→ Exercise goal: The lines below from the one with "Property Photo: 2227" up to and including the one with "Pendientes de Muelle" are what you should set down, exactly and without pictures.

Top of Input data

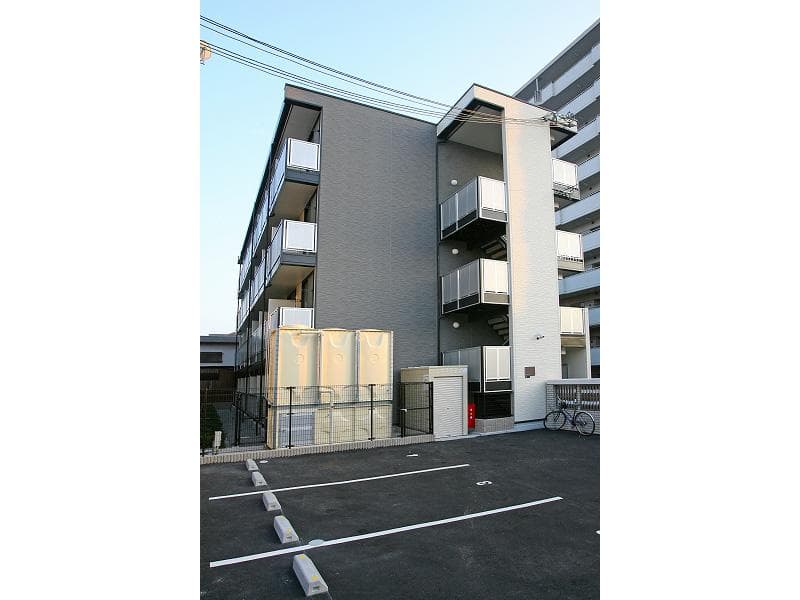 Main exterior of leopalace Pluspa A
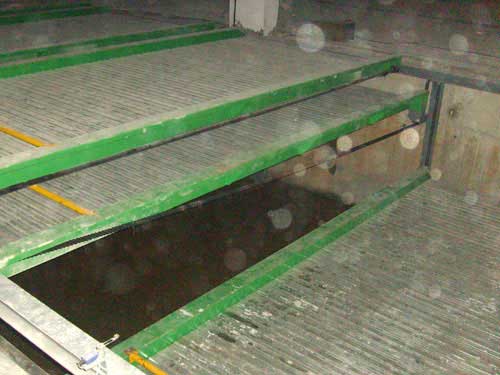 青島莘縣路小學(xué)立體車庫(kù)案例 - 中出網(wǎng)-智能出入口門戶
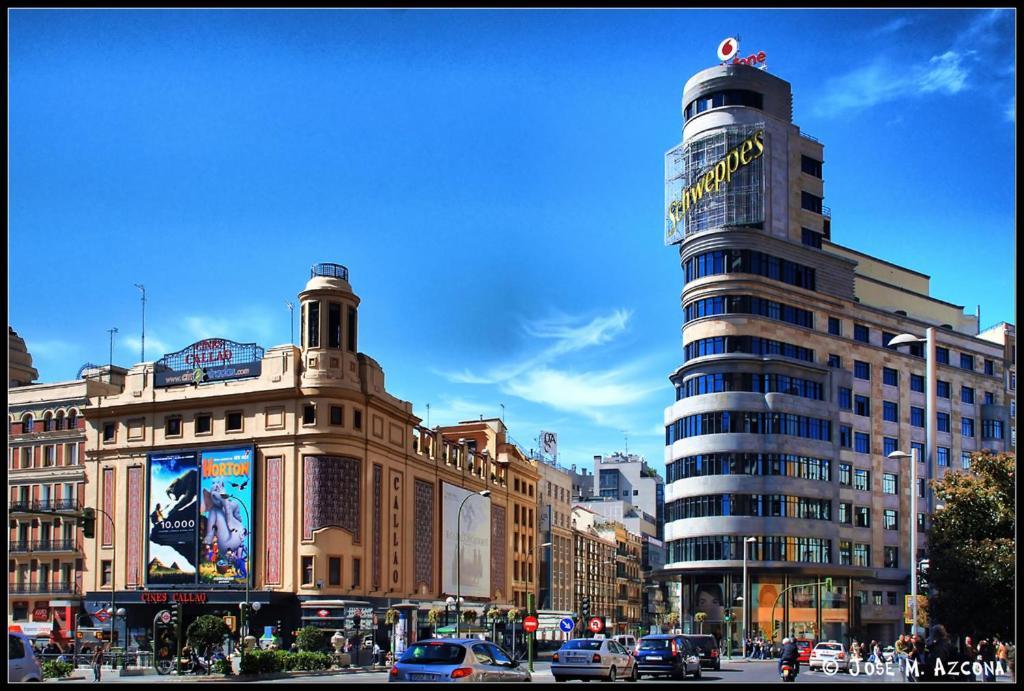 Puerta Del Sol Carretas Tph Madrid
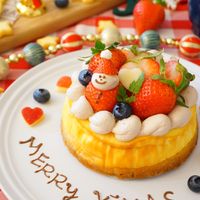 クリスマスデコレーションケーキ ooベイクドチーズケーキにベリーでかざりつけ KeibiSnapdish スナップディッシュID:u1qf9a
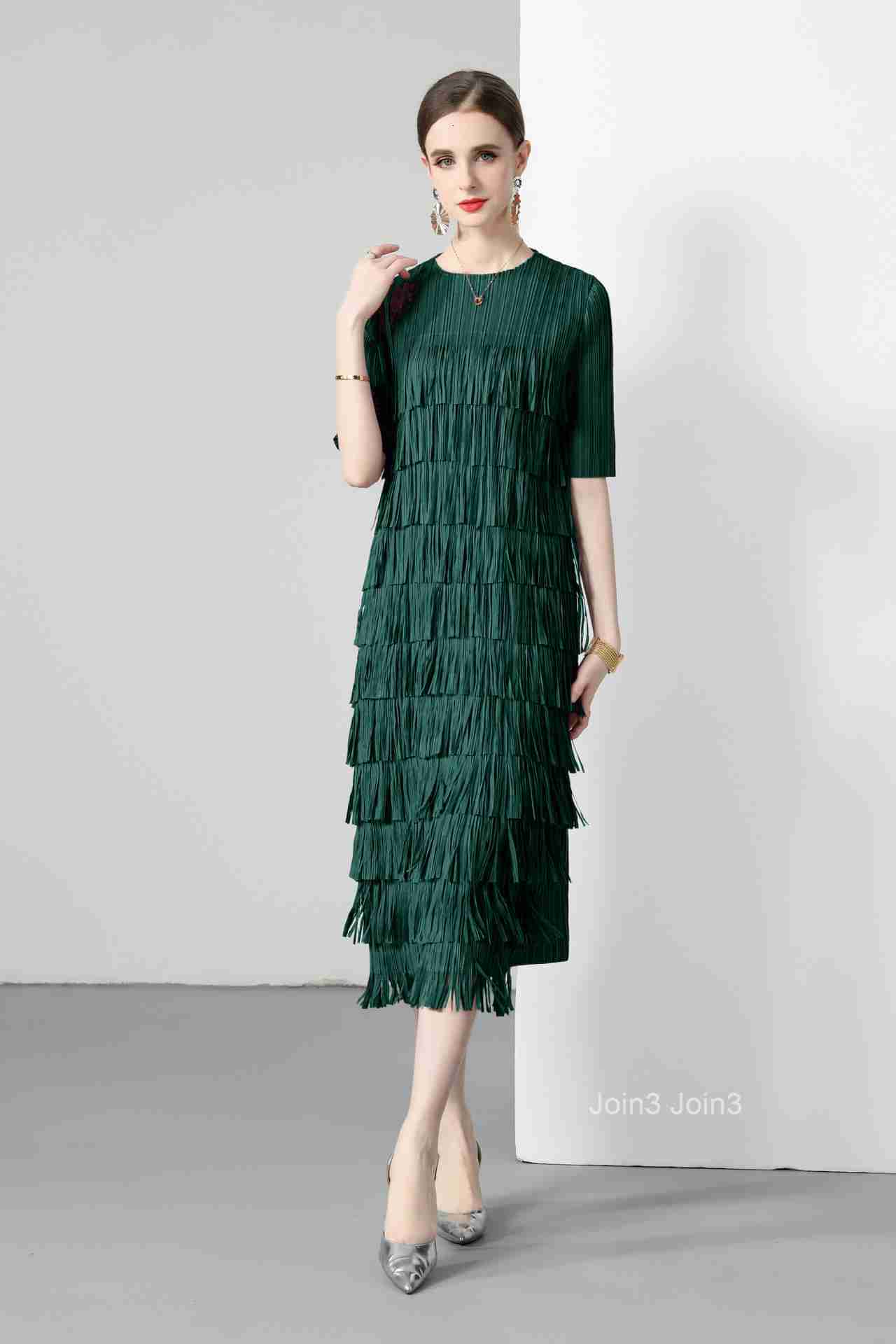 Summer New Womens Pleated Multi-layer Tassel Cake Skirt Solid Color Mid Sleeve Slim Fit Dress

Bottom of Input data
Top of Input data

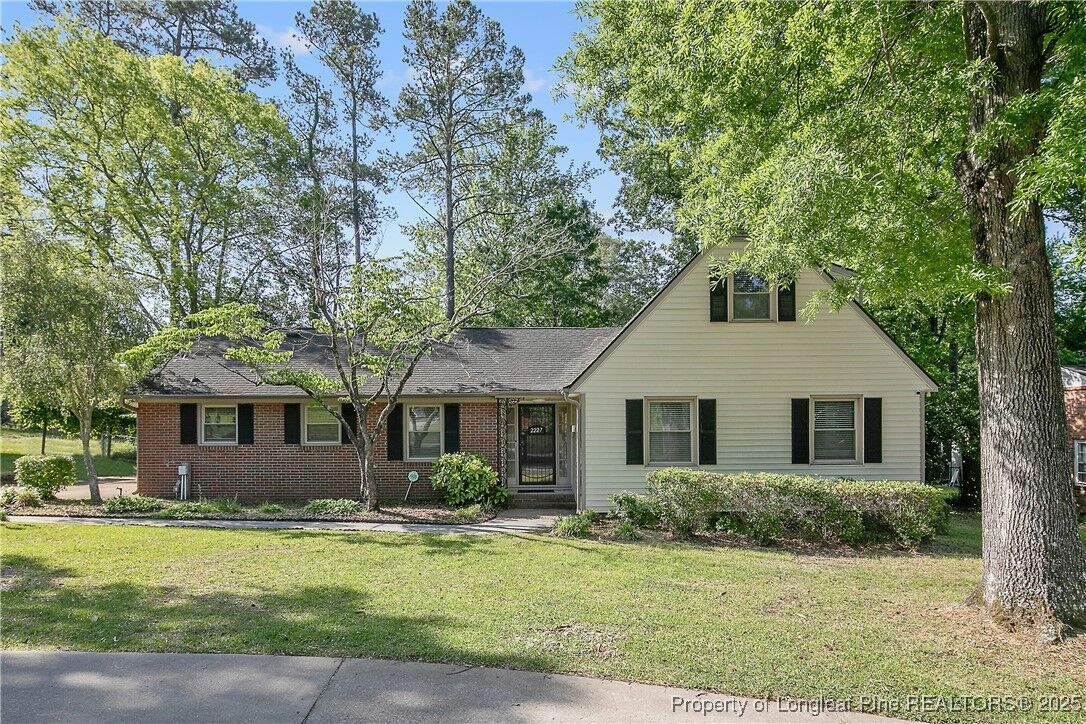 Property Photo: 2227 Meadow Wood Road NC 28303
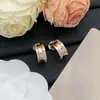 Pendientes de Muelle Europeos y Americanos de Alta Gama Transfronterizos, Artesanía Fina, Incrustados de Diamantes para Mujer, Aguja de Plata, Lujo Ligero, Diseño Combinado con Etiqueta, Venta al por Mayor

Bottom of Input data
Top of Input data

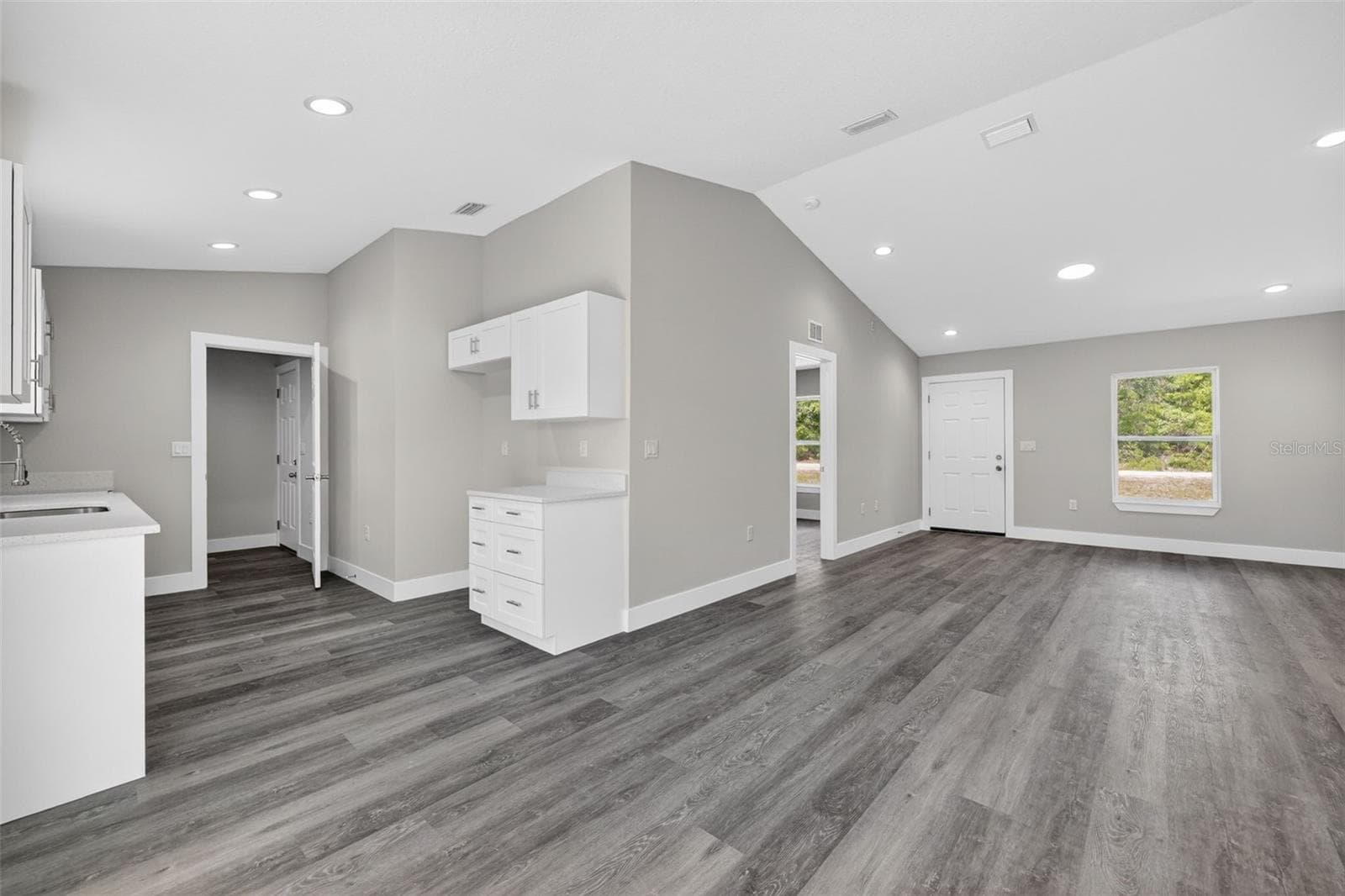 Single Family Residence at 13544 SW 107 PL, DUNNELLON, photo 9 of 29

Bottom of Input data

→ Result below:
 Property Photo: 2227 Meadow Wood Road NC 28303
 Pendientes de Muelle Europeos y Americanos de Alta Gama Transfronterizos, Artesanía Fina, Incrustados de Diamantes para Mujer, Aguja de Plata, Lujo Ligero, Diseño Combinado con Etiqueta, Venta al por Mayor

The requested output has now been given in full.